> [Directions for this task]:
Nothing but the lines from the one containing "Python COMPLETE Web" through the last line of the records belongs in the answer, copied exactly and with the pictures left out.

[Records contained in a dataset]
________

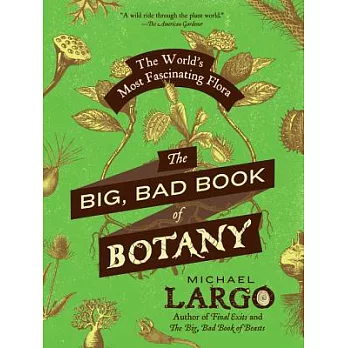 The Big, Bad Book of Botany: The World’s Most Fascinating Flora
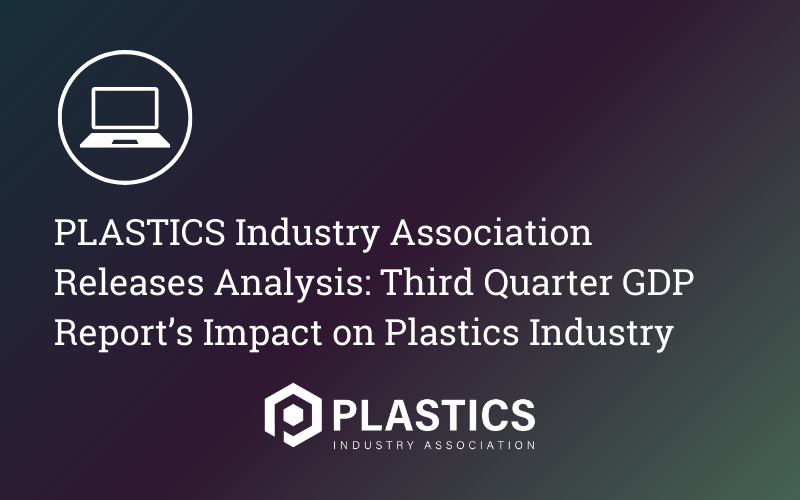 PLASTICS Industry Association Releases Analysis: Third Quarter GDP Report’s Impact on Plastics Industry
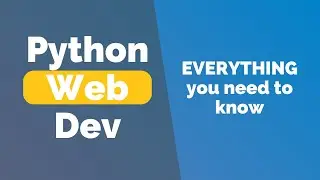 Python COMPLETE Web Development Guide [Overview of Frameworks, Tools, & Concepts]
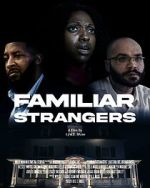 Watch Familiar Strangers 123moviesFree
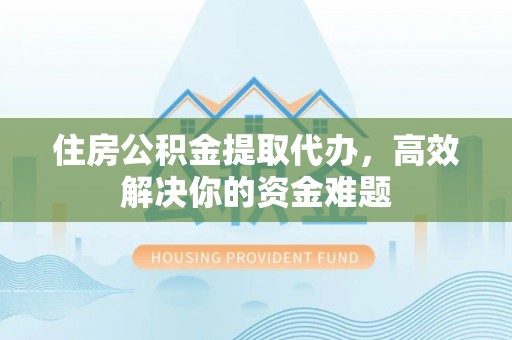 鹰手营子矿区住房公积金提取代办，高效解决你的资金难题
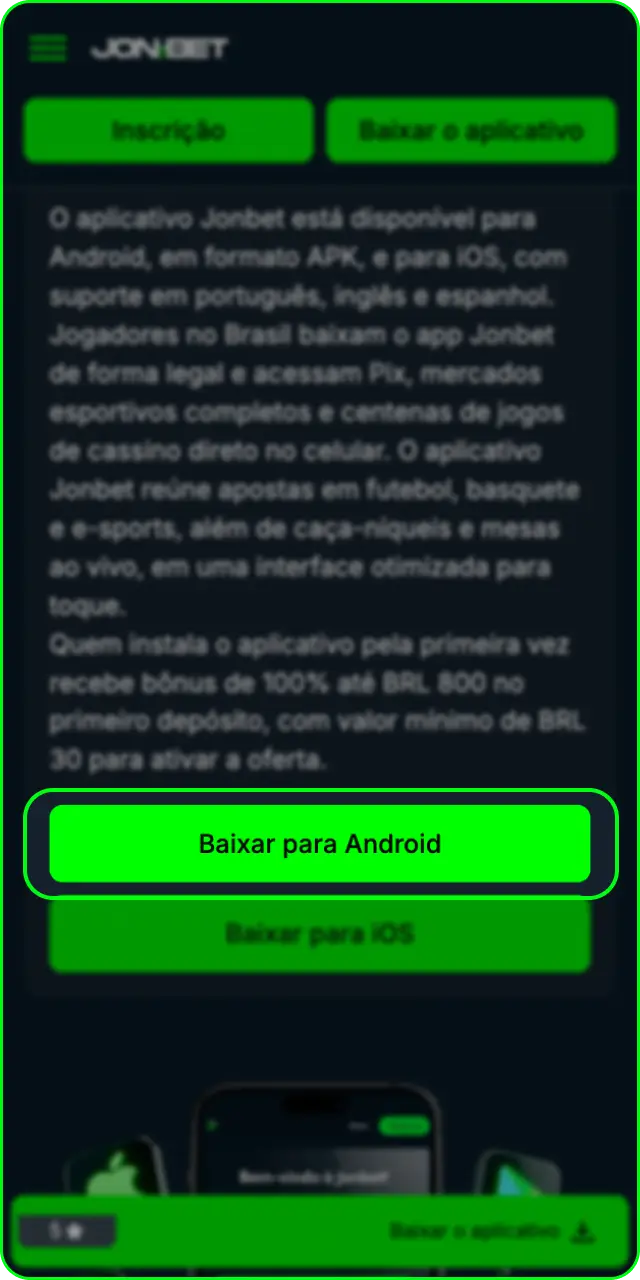 Toque no botão para iniciar o download do Android aplicativo Jonbet.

________

> [Exercise response]:
 Python COMPLETE Web Development Guide [Overview of Frameworks, Tools, & Concepts]
 Watch Familiar Strangers 123moviesFree
 鹰手营子矿区住房公积金提取代办，高效解决你的资金难题
 Toque no botão para iniciar o download do Android aplicativo Jonbet.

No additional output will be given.